Going back to the schemes of the White House, by the end of this so-called "pause" the presidential election will be over and done with and the new president will be free to increase the level of troops if he wishes to, without having to fear an electoral backlash.

In the meantime, the Bush administration will have got itself busy preparing the next stage of the occupation, by initiating negotiations over a framework agreement with the Iraqi government. Above all, Bush wants to get rid once and for all of the symbolic constraint that ties the US occupation to a UN endorsement which has to be renewed every year. As Secretary of State, Condoleeza Rice, was quoted saying: "we would rather have an arrangement that is more in line with what typically governs the relationships between two sovereign nations", which would seek to establish "a strong relationship with Iraq, reflecting our shared political, economic, cultural and security interests."

To put it more bluntly, this agreement will be meant to recognise that "US forces will need to operate in Iraq beyond the end of this year for progress in stabilizing Iraq to continue.

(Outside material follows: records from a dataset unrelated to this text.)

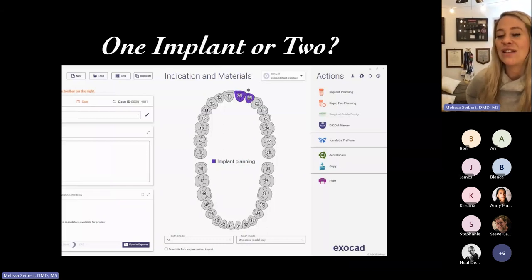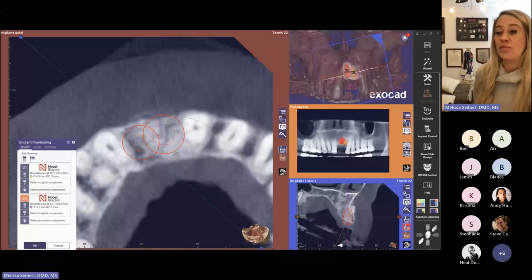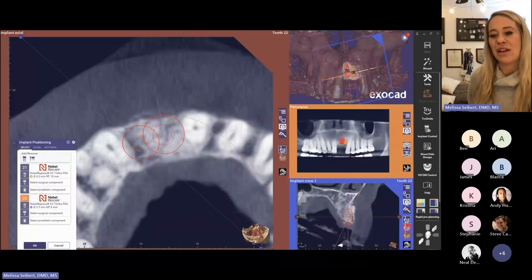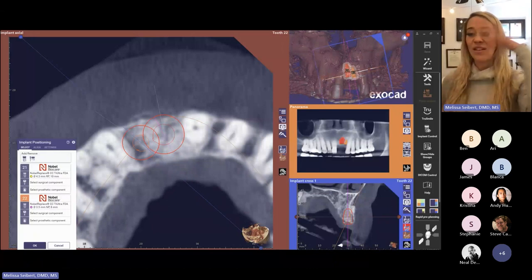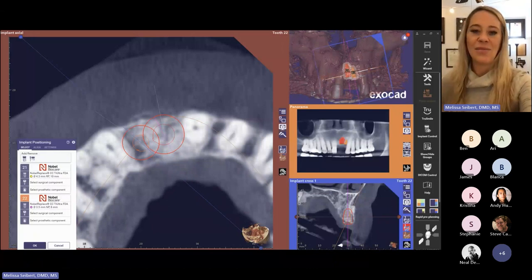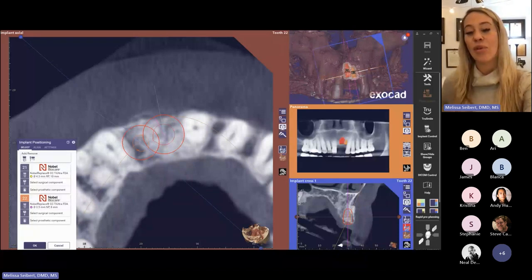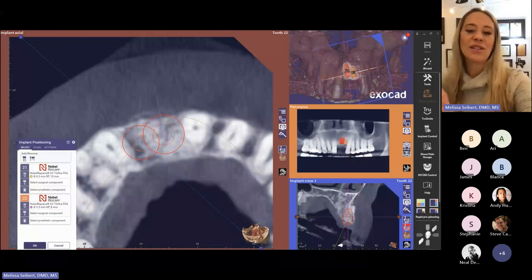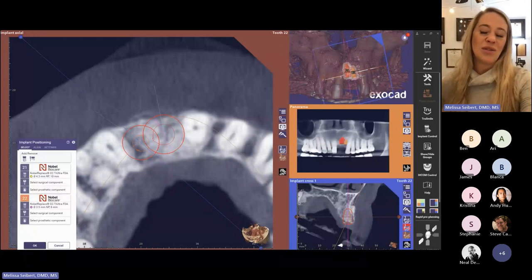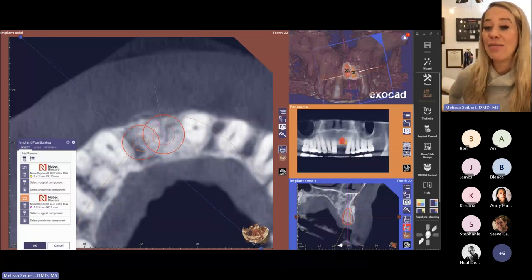I first selected the pre-planning feature to determine if we have adequate space. Now we're in the Exoplan application — Exoplan is generally where we do a lot of our implant planning, while ExoCAD's DentalCAD app is where we do a lot of the design. I did the designing in DentalCAD and then transferred that and brought it into Exoplan, although you don't always have to do that. You can design the case in Exoplan, although some features are more limited there.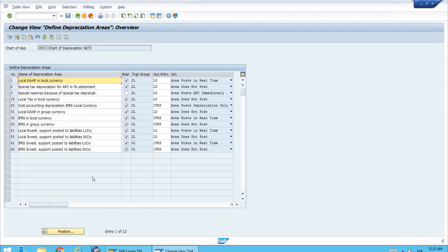Those are the ones labeled 'area does not post.' You might think at first that this is a problem or something set incorrectly, but that's far from the truth. These are areas in which we want the data in Asset Accounting but we don't want those numbers in Financial Accounting. The best example is an area that has all the same values as the book accounting area but in another currency — for example, in the group currency — while the main area uses the local currency for the company code.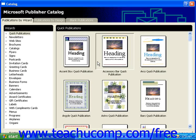When you begin to create a publication, it is often difficult to think of a design or layout for your work. Luckily, Publisher has a catalog of wizards for you to choose from.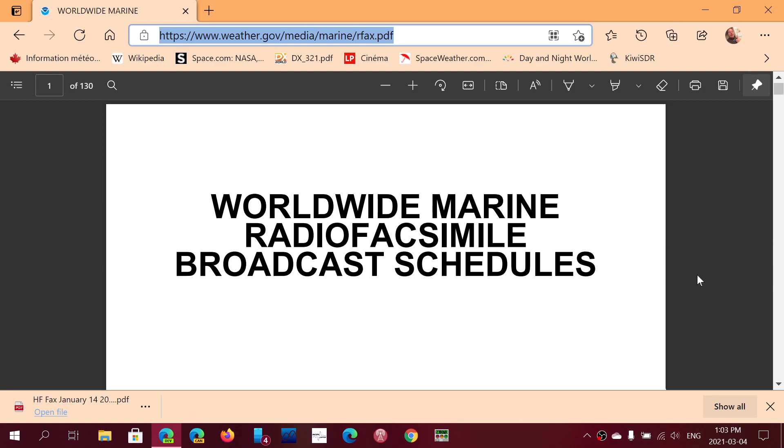Welcome to the Shortwave Radio Channel and this is an update to the HFFAX broadcast schedules. I share this from time to time.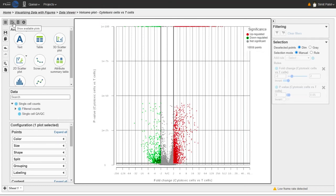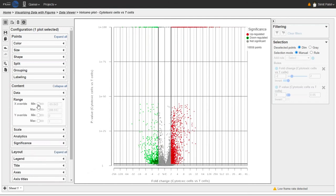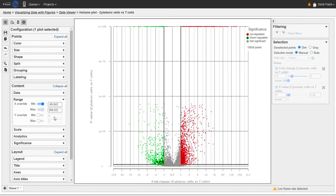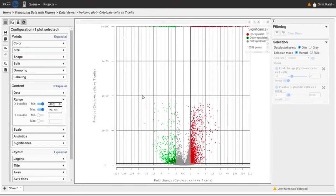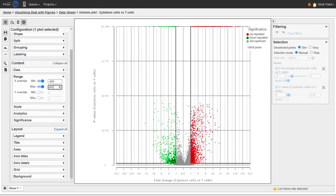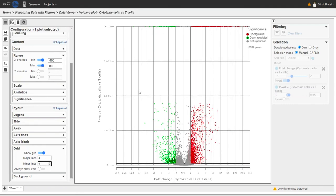I'm going to use the panel on the left to configure the plots to better see the pattern. I'll start by making the x-axis more symmetrical — changing the range by overriding the minimum and maximum values to roughly equal values. I'm going to set that to minus 400 and plus 400. That's a bit more symmetrical now. I can also get rid of some grid lines — I'll remove the minor grid lines by opening the Grid card, which looks a bit cleaner.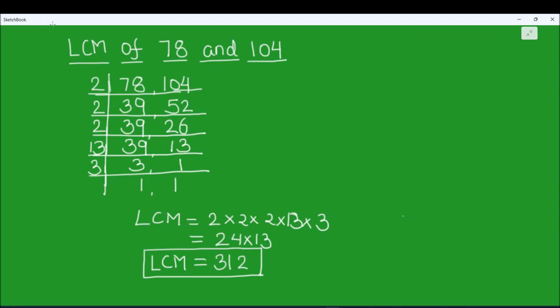So this is how we find the LCM of any number easily using the factorization method. I hope this video is helpful to you. If you like the video, please hit the like button and subscribe to my channel for more math videos. Thanks for watching.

In these negotiations, we seek to set the basic parameters for the US presence in Iraq." In other words what is being sought is the kind of "mutual assistance" treaties that Washington has signed with so many of its client states in the past, in order to institutionalise the US occupation as resulting from a request made by the Iraqi government on the basis of common interests.

This will give Bush the legitimacy he wants for retaining the "15 bases, 38 supply depots, 18 fuel-supply centres, 10 ammunition dumps, dining halls, office buildings and acres of living quarters" (to paraphrase a Time's report) occupied by the US army in Iraq, not to mention the world's largest US embassy, and, above all, for ensuring that US imperialism remains at the heart of the Middle East, its natural resources and its markets, for the foreseeable future. And it is very unlikely that his successor, whoever this may be, will undo what will have been done - regardless of the very vague electoral promises that were made.

The question that remains unanswered is this: what will happen to the Iraqi simmering civil war in the meantime? Unlike Bush, it is not tied by the November election. What will happen when centrifugal forces emerge, as parties like SIIC and the Kurdish nationalists bid for regional power, against centralist forces which are prepared to fight in order to keep a united Iraq? And how severe would such a conflict be, should it become open, given that these militias are now equipped with all the experience and ruthlessness acquired during five full years of a simmering and relatively low-level, but nevertheless bloody civil war? Only the future will tell. But the odds are that the complacency and cynical self-satisfaction of the Bushs and Browns of this world will be wiped off their faces, if and when the powder keg explodes. If so, unfortunately, it will be the Iraqi population who will foot the bill, once again, when the criminal policies of imperialism finally backfire.

And this tells us what no amount of media blackout should make us forget - that our side, the side of the British working class, is with the Iraqi population against the power games of western capital and that our responsibility is to impose on this government the withdrawal of all British troops and paramilitaries from Iraq!